Of course, trusting someone’s reputation can be a tricky and dangerous thing. Many purveyors of fraudulent schemes have appeared to be upstanding members of their respective communities before being caught. Investors should always perform background checks on financial professionals before entering into a working relationship:
- Check on CFP Certificants at the CFP board;
- Check on Broker/Dealer affiliated representatives at FINRA BrokerCheck;
- Check on Registered Investment Advisors at the SEC.
Any investment advisor should have a working relationship with a custodian for client accounts.

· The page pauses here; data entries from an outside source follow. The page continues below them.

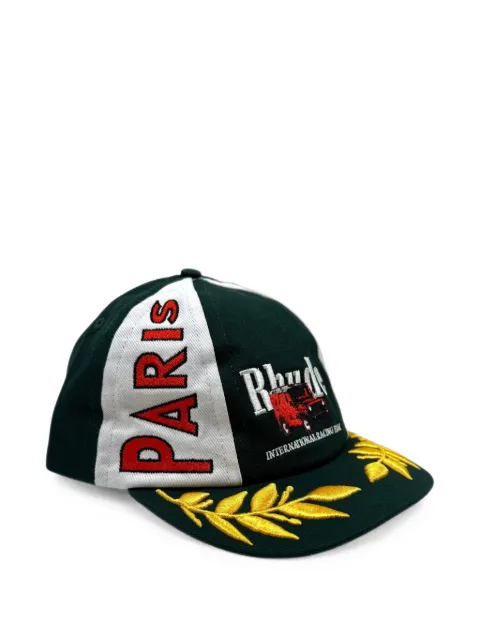 RHUDE Paris-Dakar Intl Race Team baseball cap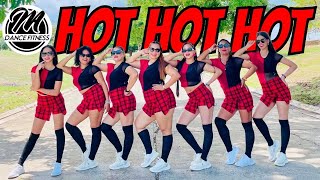 FEELING HOT HOT HOT | DJAYP REMIX | MA DANCE FITNESS | NEW DANCE TREND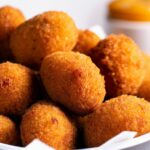 Arancini Na Airfryer: Receita Deliciosa [ Bolinho De Risoto ]
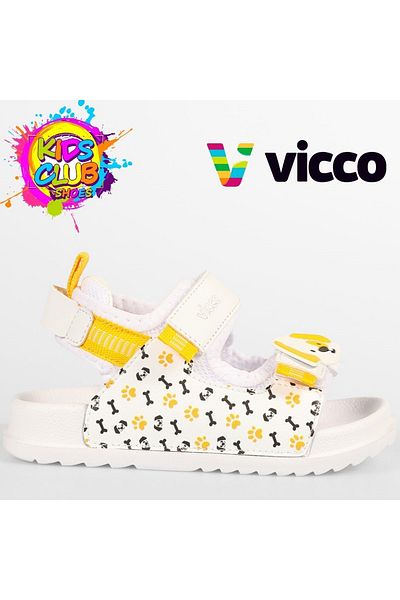 Vicco Vi 332.b25y.250 Bebe Phylon Sandals-Inkago - Vi 332.b25y.250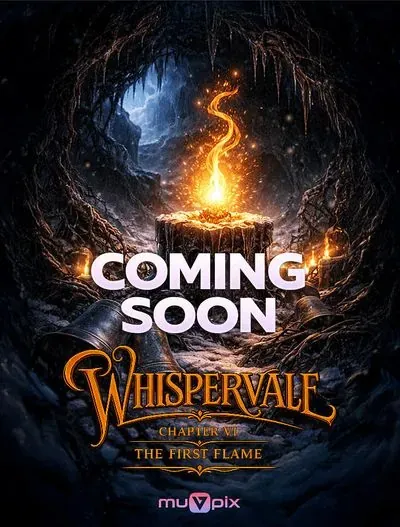 Whispervale: Chapter 6: The First Flame poster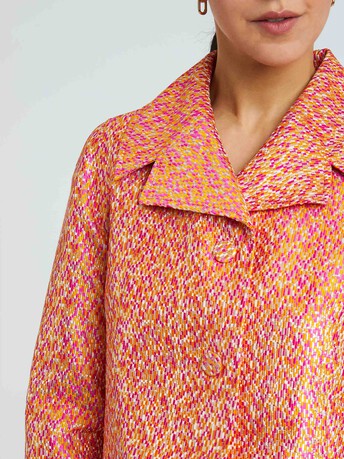 WOVEN SUIT JACKET - Multicolore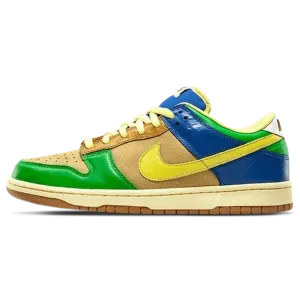 Nike Dunk Low Premium Sb 'Brooklyn Projects' Nike SB skate shoes with padded support and grip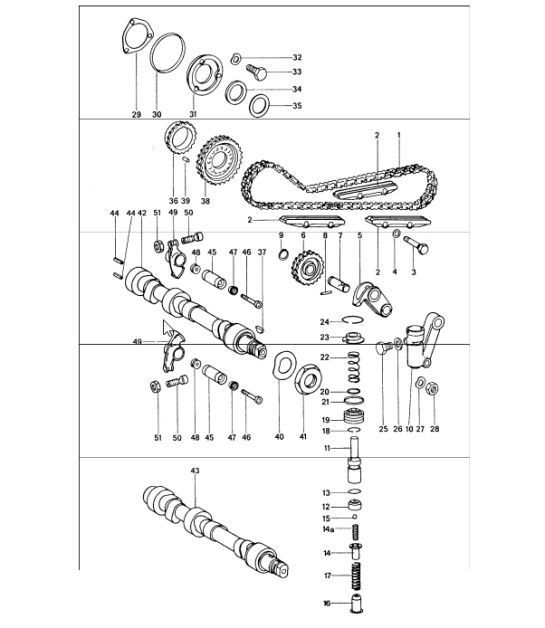 Diagram 103-10 Porsche Panamera 971 MK1 (2017-2020) 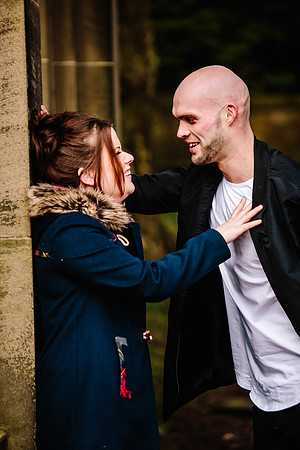 Trentham Gardens - Engagement Shoot - Staffordshire Wedding Photographer-47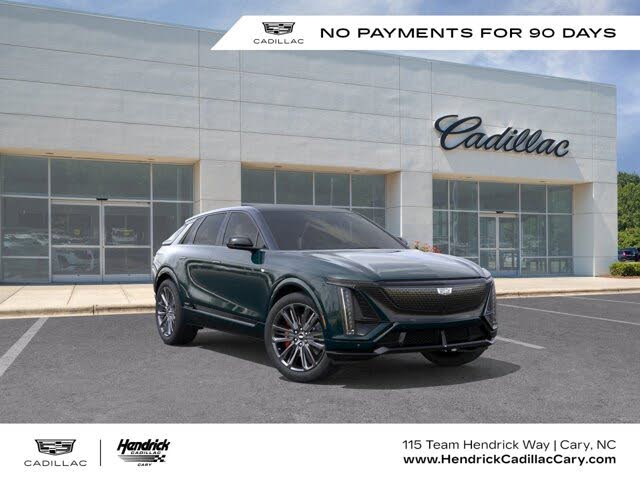 2026 Cadillac LYRIQ-V AWD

This may be the broker/dealer itself (Merrill Lynch, Ameriprise, Raymond James, etc), or an independent third-party custodian for a Registered Investment Advisor. The biggest third-party custodians are Charles Schwab, TD Ameritrade, Fidelity, Pershing, Scottrade, TradePMR and more. These custodians provide third-party custody, recordkeeping, monthly statements and tax reporting. They are also members of the Securities Investor Protection Corporation (SIPC) which provides insurance against brokerage default (not against market losses). It is extremely common for ponzi and other fraudulent schemes to lack this simple independent third-party mechanism.
After verifying a clean background check, investors should consult knowledgeable and trusted relationships (personal and professional) as to the reputation of the individual in question. Even in a larger city such as Denver, professionals such as CPAs, attorneys and financial advisors cross paths, working together in clients relationships and exchanging professional expertise. This provides professionals an opportunity to “vet” one another and have a better understanding of a professional’s knowledge, expertise and professionalism that may be otherwise difficult to detect from a web site or phone call.
It can be scary for many to attempt to navigate the world of financial advice and evaluate the merits of a single financial professional. The manner of a professional’s independence, education and the choice of compensation arrangement say a great deal about that person’s integrity, commitment to learning and desire to provide clear and unbiased advice to clients.